Why learn about public speaking in business?
One of the essential business and life skills often neglected in our “schooling” broadly is the art of public speaking. It’s an odd omission given that the oral tradition is as old as civilization. Indeed, public speaking is a through-line in our history as a people and as a nation. This is not only an American phenomenon but a human reality. Whether signal or spark, speeches accompany the pivotal events of every time and place, rallying people around a vision of the future, be it the founding of a nation, a call to arms, or a call to action.
These ideas often transcend their times, tapping into an enduring sense of possibility or responsibility. Consider, for example, this excerpt from Dr. Martin Luther King’s 1963 “I have a dream” speech: “I have a dream that my four little children will one day live in a nation where they will not be judged by the color of their skin but by the content of their character.” Over fifty years later, Dr.
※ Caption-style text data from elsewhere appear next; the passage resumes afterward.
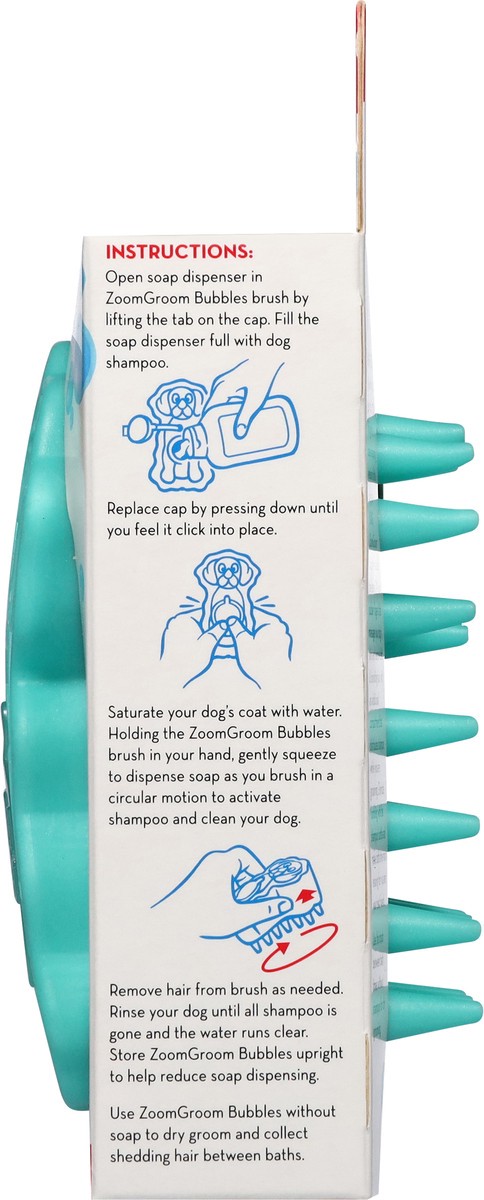 slide 4 of 10, Kong Zoomgroom Bubble Lrg, 1 ct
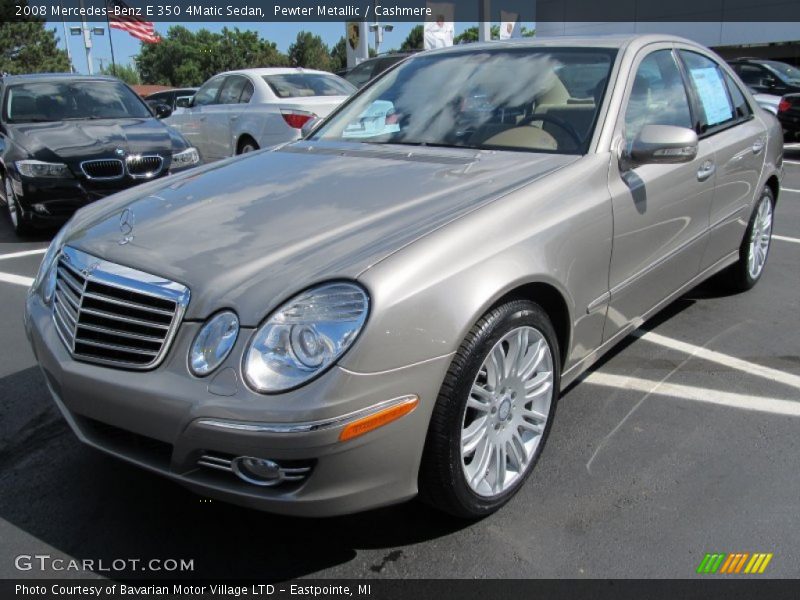 Pewter Metallic / Cashmere 2008 Mercedes-Benz E 350 4Matic Sedan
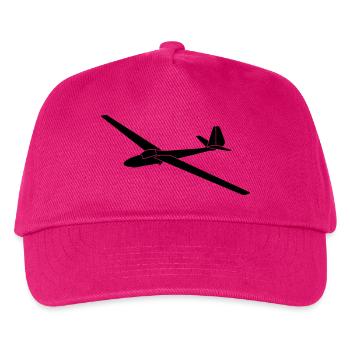 DDR Libelle Segelflugzeug Geschenk - Kinder Basecap - Fuchsia - Vorne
King’s speech remains both resonant and relevant and, as an article from the the History Channel notes, it has “endured as one of the signature moments of the civil rights movement.”
Figure 1. On August 28, 1963, Martin Luther King, Jr. gave his famous “I Have a Dream” speech from this spot on the Lincoln Memorial steps to an audience of a quarter million people.
Hillary Rodham Clinton’s 1995 “Women’s Rights Are Human Rights” speech given at the United Nations Fourth World Congress on Women is another example of a defining vision and values statement. To excerpt: “As long as discrimination and inequities remain so commonplace everywhere in the world, as long as girls and women are valued less, fed less, fed last, overworked, underpaid, not schooled, subjected to violence in and outside their homes—the potential of the human family to create a peaceful, prosperous world will not be realized.” The title of a New York Times article by Amy Chozick about Clinton’s positioning as a presidential candidate in 2016 sums up the impact of this speech decades after it was delivered: “Hillary Clinton’s Beijing Speech on Women Resonates 20 Years Later.”
Oral communication is not only a tool of preachers and politicians, it’s a tool of the people. If you don’t hear yourself or your world view represented, you can change that. Of course, you don’t have to be working on a national or global scale to appreciate effective public speaking. To gain support for your ideas at any level, you need to be a clear and compelling oral communicator. Ultimately, public speaking matters because it can be the difference between being heard and shaping your world—however you define it—or living with the consequences of someone else’s pronouncements. If you prefer the former option, let’s prepare to be heard!